Volume 20 (November 2005)

In early 2010, A.V. Club writer Nathan Rabin decided to listen to and write about the bestselling, zeitgeist-friendly CD series NOW That’s What I Call Music! in chronological order. Each one of the 35 American NOW! collections compiles a cross-section of recent hits from across the musical spectrum. Beginning with the first entry from 1998, this column will examine what the series says about the evolution and de-evolution of pop music.
- “Lose Control,” Missy Elliott featuring Ciara and Fatman Scoop
- “Don’t Phunk With My Heart,” Black Eyed Peas
- “Don’t Cha,” Pussycat Dolls featuring Busta Rhymes
- “Pon De Replay,” Rihanna
- “Pimpin’ All Over The World,” Ludacris featuring Bobby Valentino
- “Like You,” Bow Wow featuring Ciara
- “I Think They Like Me (Remix)” Dem Franchise Boyz featuring Jermaine Dupri, Da Brat, and Bow Wow
- “Cater 2 U,” Destiny’s Child
- “Must Be Nice,” Lyfe Jennings
- “These Words (I Love You, I Love You),” Natasha Bedingfield
- “Behind These Hazel Eyes,” Kelly Clarkson
- “Listen To Your Heart,” D.H.T. featuring Edmee
- “Just Want You To Know,” Backstreet Boys
- “Just The Girl,” The Click Five
- “Do You Want To,” Franz Ferdinand
- “Beverly Hills,” Weezer
- “Sugar, We’re Going Down,” Fall Out Boy
- “You & Me,” Lifehouse
- “Fix You,” Coldplay
- “You’ll Think Of Me,” Keith Urban
It’s hard to say anything critical about Young@Heart, a documentary about an unconventional elderly choir, without coming across as worse than Hitler. What’s not to love about a nice documentary about a nice young man who gets nice old people to perform nice songs in front of receptive audiences? Yet the film makes the mistake of intermittently treating old people the way soda commercials do: as if they’re adorable, vaguely child-like scamps who are never more delightful or mischievous than when they’re doing something old people are historically not known to do, like singing contemporary rock songs in a choir.

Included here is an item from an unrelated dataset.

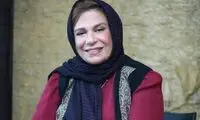 گوهر خیراندیش با یک تیپ مجلسی جلب توجه کرد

But while I’m mixed on Young@Heart as a whole, it also contains one of the most powerful cinematic moments of the past decade. I’m not too proud to admit that I wept like a colicky infant during the film’s transcendent climax. But first, a little context: Fred Knittle, a returning choir member, was scheduled to perform Coldplay’s “Fix You” as a duet with another returning choir member, Bob Salvini, as one of the central attractions of a big recital. The performance was going to be emotional regardless of the circumstances, but when Salvini died prior to the show, the song took on a special significance. Knittle wasn’t just singing for himself; he was singing for a friend whose death would have served as a sobering reminder of his own impending mortality even if Knittle didn’t need an oxygen tank in order to breathe.

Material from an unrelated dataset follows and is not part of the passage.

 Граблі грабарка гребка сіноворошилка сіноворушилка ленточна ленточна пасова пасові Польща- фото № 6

A heavy, sedentary white-haired man in shapeless slacks, Knittle does not cut an imposing figure. But the moment he begins singing Chris Martin’s nakedly sincere lyrics, he conveys a shattering dignity. Knittle brings every last bit of sadness, resilience, grief, and resolve to the song. It’s the performance of a lifetime, delivered by a man at the end of his journey and a group of fellow survivors in the winter of their lives.
Martin and Coldplay’s version can’t help but register as anticlimactic by comparison. Martin wrote the words to “Fix You,” but it now belongs to Young@Heart and Knittle in particular. That’s how it should be.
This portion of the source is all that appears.